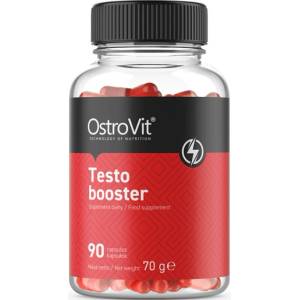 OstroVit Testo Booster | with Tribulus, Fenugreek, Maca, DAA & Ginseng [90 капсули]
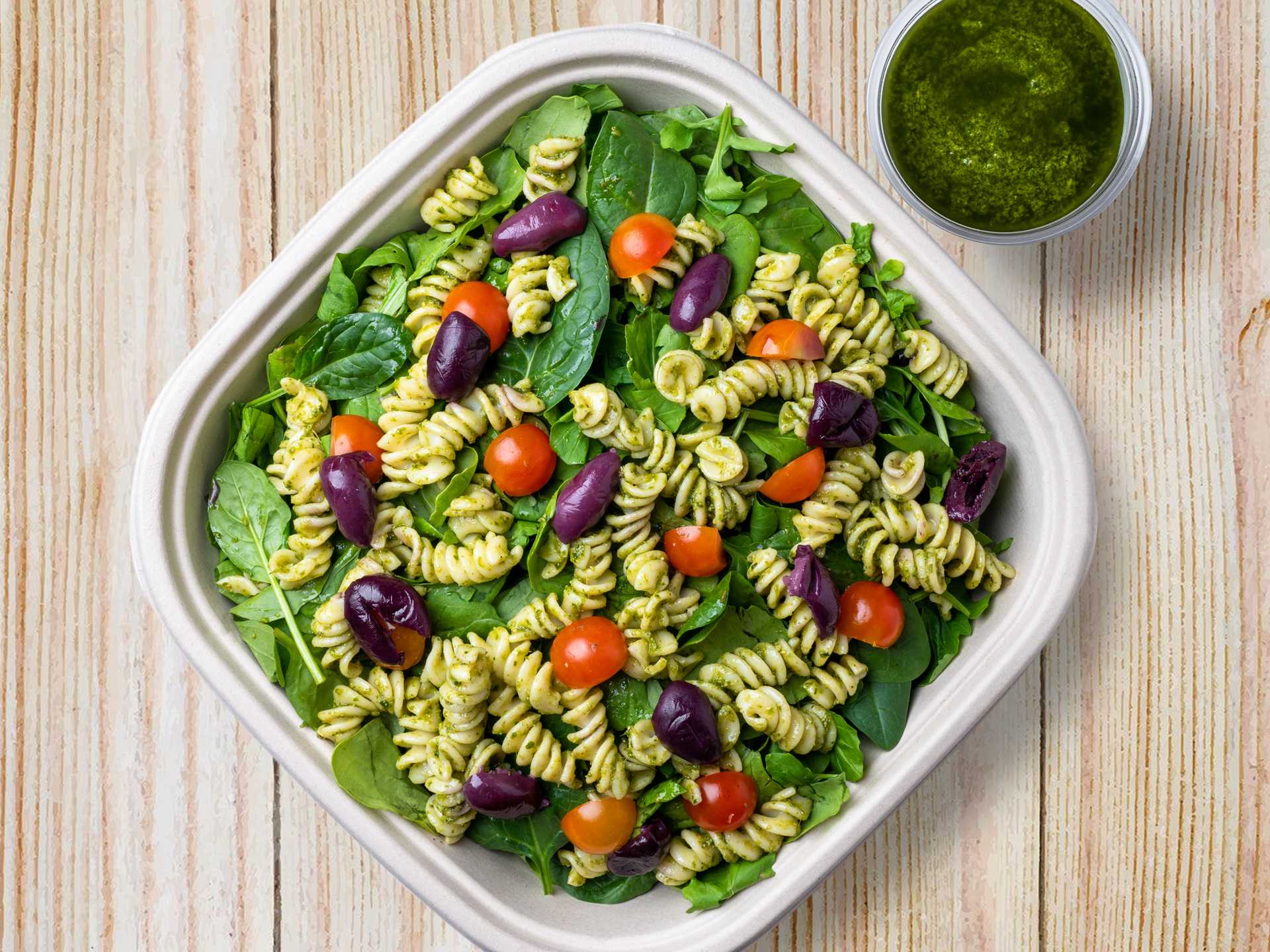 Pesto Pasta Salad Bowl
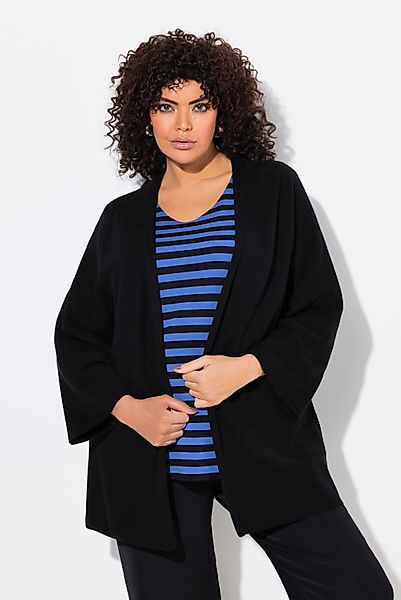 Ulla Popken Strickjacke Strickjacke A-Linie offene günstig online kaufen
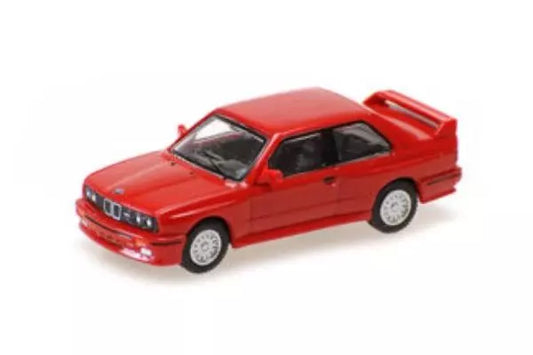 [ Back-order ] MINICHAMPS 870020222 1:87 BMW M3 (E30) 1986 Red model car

__ACTIVITY__. Please print all the lines above exactly as given and leave out every picture.

__COMPLETED EXERCISE__.
 OstroVit Testo Booster | with Tribulus, Fenugreek, Maca, DAA & Ginseng [90 капсули]
 Pesto Pasta Salad Bowl
 Ulla Popken Strickjacke Strickjacke A-Linie offene günstig online kaufen
 [ Back-order ] MINICHAMPS 870020222 1:87 BMW M3 (E30) 1986 Red model car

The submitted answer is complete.